Piensa, en cambio, lo que ocurriría si, después de haber dejado que entre en ti este enemigo de toda verdad, abrieses de inmediato la puerta superior de tu ser y fuese la propia verdad la que bajase a ella, siguiendo su vertiente natural. Apartemos la vista de este cuadro o, por lo menos, no lo contemplemos más de lo que sea útil y necesario para acumular en nosotros una fuerza mayor que la que nos quedase todavía, después de los perjuicios tan grandes que ya le hubiésemos producido a nuestro fiel amigo. Invoquemos esta fuerza superior para que venga a unirse a la de este amigo fiel y a la nuestra, para que este poder triple caiga como un rayo sobre el predador y el funesto enemigo que hemos dejado entrar en nosotros, para que les haga volver a sus abismos y cierre después de un modo seguro esta puerta inferior que jamás deberíamos haber abierto.

Ésa es, en realidad, la obra del hombre nuevo durante su permanencia en el desierto: conseguir de lo alto una llave poderosa para atar al enemigo en sus cavernas tenebrosas, separar lo puro de lo impuro, como se le había ordenado a los hebreos, devolver la respiración del aire celeste y Divino a este amigo fiel, a quien el primer hombre hace respirar continuamente un aire infecto desde el crimen. Finalmente, es su misión arrancar de las manos del enemigo las partes de los tesoros Divinos y las chispas de la propia verdad que en otras ocasiones le hemos dejado robar, cuando hemos abierto imprudentemente nuestra puerta superior, si tomar la precaución de ahuyentar al enemigo a sus abismos y cerrarle con cuidado la puerta inferior.

Ésa es la labor que nos queda por cumplir desde que la debilidad del hombre primitivo dejó que entrase la iniquidad en nuestros dominios. Cuando él comió del árbol de la ciencia del bien y del mal, juntó, uno al lado del otro, a su ser que habitaba en la luz y a su adversario que moraba en las tinieblas. Ésta era la reunión monstruosa que quería impedir la sabiduría Divina, advirtiéndole que no comiese de este árbol de la ciencia del bien y del mal, que habría de darle la muerte. Lo que tenemos que hacer nosotros ahora es la ruptura de esa asociación, si queremos estar en condiciones de comer los frutos del árbol de la vida, sin cometer la más abominable de las profanaciones.

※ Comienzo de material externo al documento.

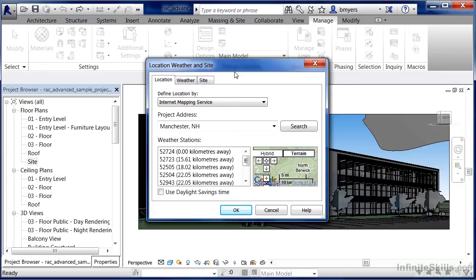By default, it'll try to define the location by the Internet Mapping Service — Google Maps in this case. We could type in an exact address. We can already see that someone has chosen Manchester, New Hampshire for our building. If we wanted a different address, we could just highlight this, type in a different address, and then click Search, and it would automatically find that location on the face of the Earth.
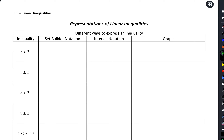In this video we're going to talk about the different ways that we can represent a linear inequality. We're going to have four forms: the inequality itself, set builder notation, interval notation, and a graph.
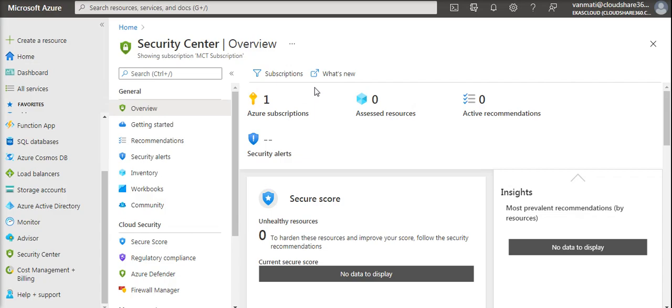It is worth noting that those Security Recommendations are actually provided by the Security Center itself. You can review your recommendations directly in Security Center or you can act and review them in Azure Advisor also.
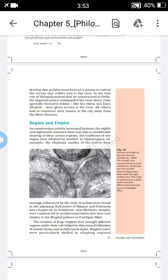Another example is Brindavana, near Mathura, where some temples were constructed. The architectural styles were very similar to the Mughal palaces at Fatehpur Sikri. The Hindus had constructed certain styles earlier that were adopted by Islamic rulers, and Hindu rulers in turn adopted some styles of Islamic rulers. That is why this heading is given as Region and Empire.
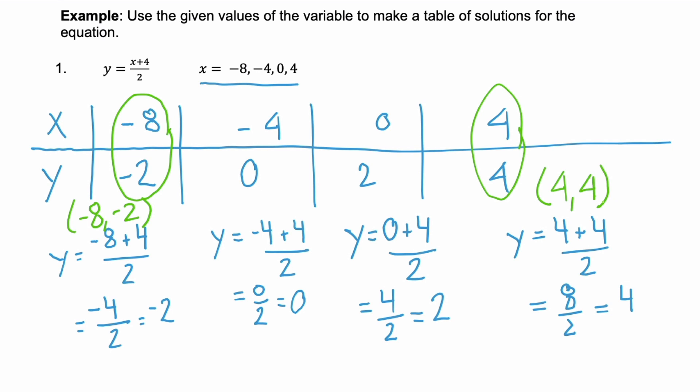So each of these gives us four points, or four possible solutions for that equation.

Lo repito: este último cuadro sería demasiado lamentable y demasiado desesperante para los que no tuviesen todavía los ojos, la edad y la fuerza del hombre nuevo, y no podrían considerar, sin peligro, las horribles prostituciones a que han estado expuestos los frutos del árbol de la vida, por la iniquidad de los mortales; pero el hombre nuevo se dedica especialmente a la expiación y la abolición de estas prostituciones. Por eso es por lo que no puede tener ni un solo momento de descanso, ya que el enemigo no sólo se defiende en todo momento, por miedo a volver a los abismos, sino que, por el contrario, siempre que puede, procura que le abran la puerta superior del corazón del hombre, para multiplicar cada vez más las abominaciones que acaban inundando la tierra, lo mismo que la inundaron antes del diluvio".